Australian Farmers Trade Water

October 13, 2008

By Tanalee Smith The Associated Press

SYDNEY, Australia – For farmer Malcolm Holm, water now is just like a new shovel or tractor – he has to buy it.

The amount of water he is allowed to take from nearby Murrumbidgee River has dwindled to nothing for the past three years because of Australia’s crippling drought. And so, except for rain he can catch and store himself, he needs to buy water for his 1,000 acres at Finley in New South Wales state, where he grows crops to feed his 600 dairy cows.

“It’s no different to buying a ton of grain or a ton of fertilizer,” Holm said. “It’s just another commodity.”

In the world’s driest inhabited continent, there is simply not enough water to go around, and households, cities, industries and agriculture all demand their share from stressed reservoirs and rivers. So Australia’s irrigation planting sector relies on a unique trading system to make the most of every drop.

What began as a localized trade within states is now an active national market that shares water along hundreds of miles of river systems used by thousands of farmers. And with the drought, the trading of water is picking up pace.

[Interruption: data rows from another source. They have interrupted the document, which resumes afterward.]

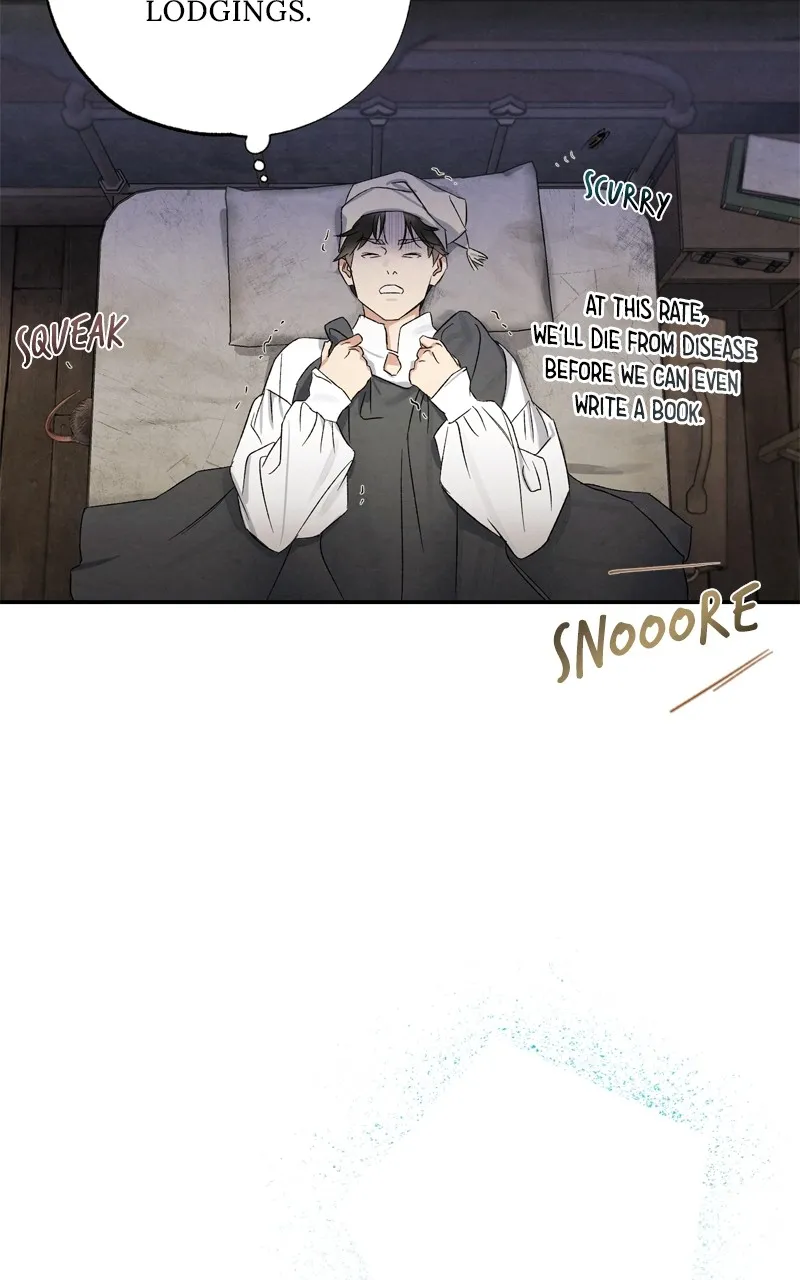 Dr. Kim of London Chapter 4 page 51 - 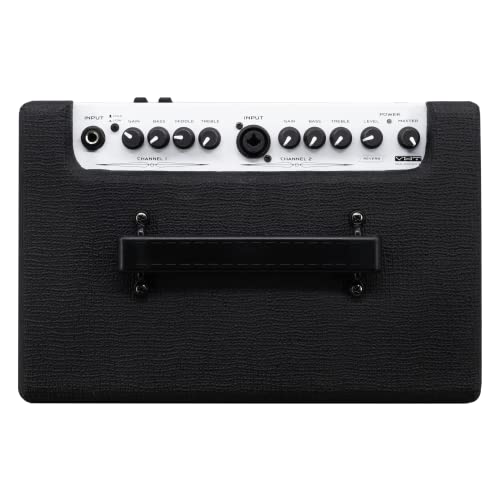 Vht True Acoustic 30 Acoustic Guitar Amplifier (Av-Ta-30) #TOP3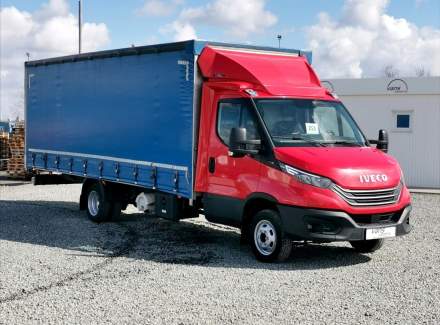 Iveco - Daily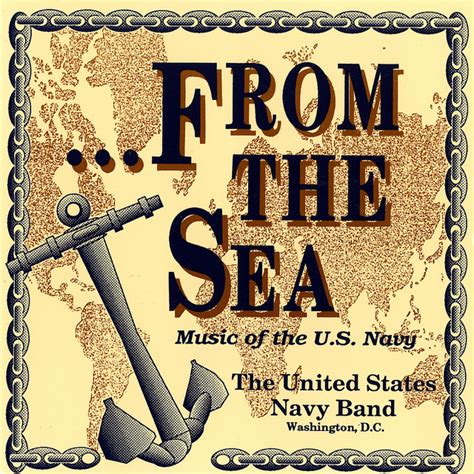 Anchors Aweigh: 12 Iconic Song Lyrics Uncovered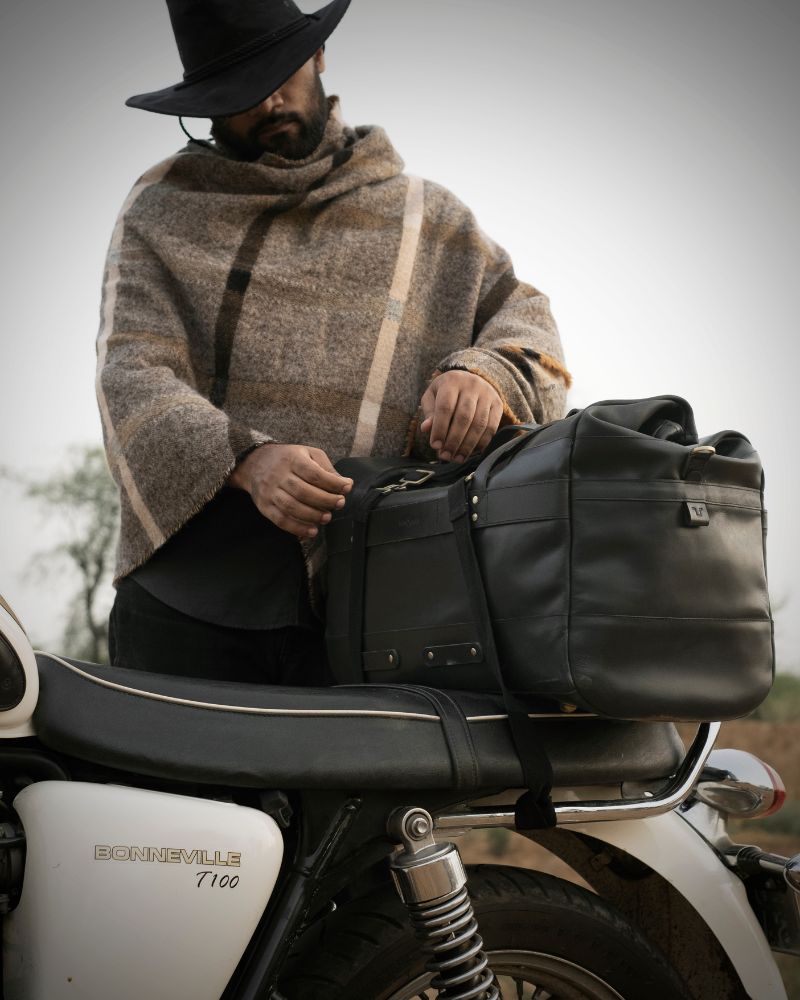 Outlaw Duffel Bag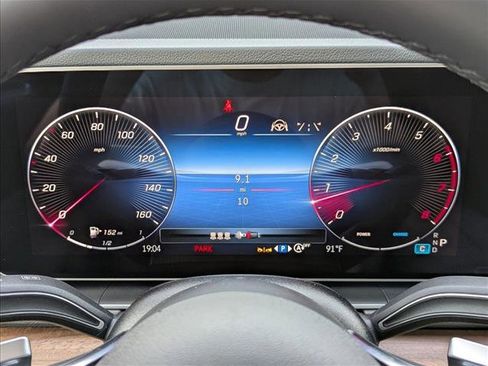 New 2026 Mercedes-Benz GLE 450 4MATIC image 11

“Trading activity is certainly strengthening over previous years,” said Mark Siebentritt, operations manager of Waterfind, the nation’s largest water broker. Water is traded mostly through independent brokers who bring sellers and buyers together and who know the myriad rules in the heavily regulated market. “During drought we’re seeing a lot of water moving around.”

Waterfind says more than 28 billion gallons of water are traded each year along the Murray-Darling river system. Waterfind turned over $893 million worth of water in 2006-07, up 20 percent over the previous year as prices rose and some license holders realized their allocation was worth more to them as cash.

In Australia, water is managed by state governments through entitlements awarded to urban and rural areas and industries. Sixty percent goes to agriculture.

An entitlement, or license, gives the owner an ongoing right to a share of water from a river system. The amount can fluctuate at any time depending on how much water is in the country’s rivers and storage areas.

But years of drought have left rivers and storage basins at low levels and water evaporating away in the heat. Allocations the past few years have been low to nonexistent – Holm and others in the Riverina got nothing this year or the two before.